Work task: The material below has pictures in it. Set down only the lines from the line containing "I was looking" through the line containing "The runtime module", word for word, and leave the pictures behind.

Recorded data:

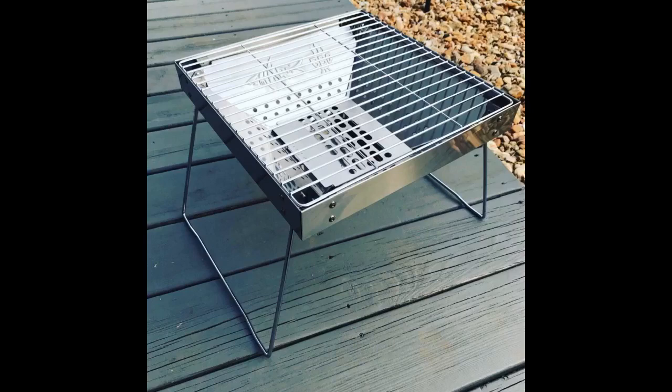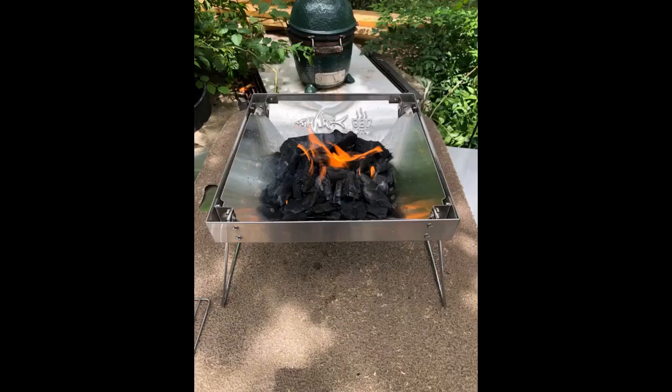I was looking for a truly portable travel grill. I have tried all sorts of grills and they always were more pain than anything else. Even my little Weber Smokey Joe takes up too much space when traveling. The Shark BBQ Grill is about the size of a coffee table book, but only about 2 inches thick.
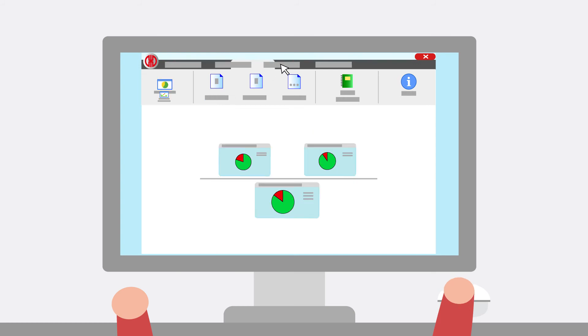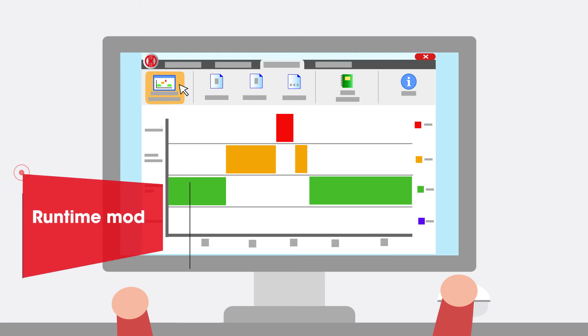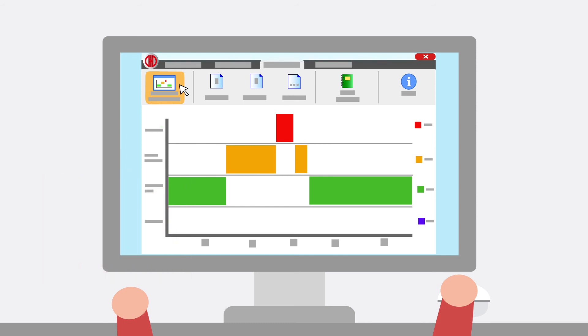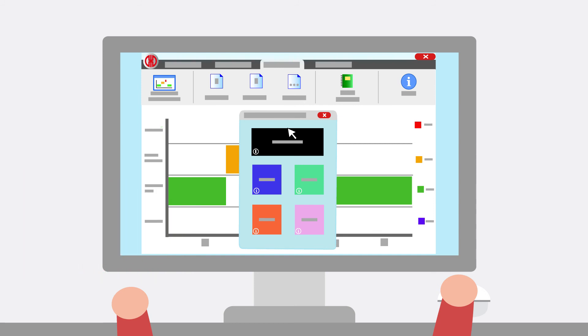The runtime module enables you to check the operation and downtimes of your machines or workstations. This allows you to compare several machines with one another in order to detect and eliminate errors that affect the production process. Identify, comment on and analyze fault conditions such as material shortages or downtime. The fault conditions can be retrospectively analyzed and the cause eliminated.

--

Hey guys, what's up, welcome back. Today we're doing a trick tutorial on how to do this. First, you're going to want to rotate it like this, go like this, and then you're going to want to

Problem solution:
I was looking for a truly portable travel grill. I have tried all sorts of grills and they always were more pain than anything else. Even my little Weber Smokey Joe takes up too much space when traveling. The Shark BBQ Grill is about the size of a coffee table book, but only about 2 inches thick.
The runtime module enables you to check the operation and downtimes of your machines or workstations. This allows you to compare several machines with one another in order to detect and eliminate errors that affect the production process. Identify, comment on and analyze fault conditions such as material shortages or downtime. The fault conditions can be retrospectively analyzed and the cause eliminated.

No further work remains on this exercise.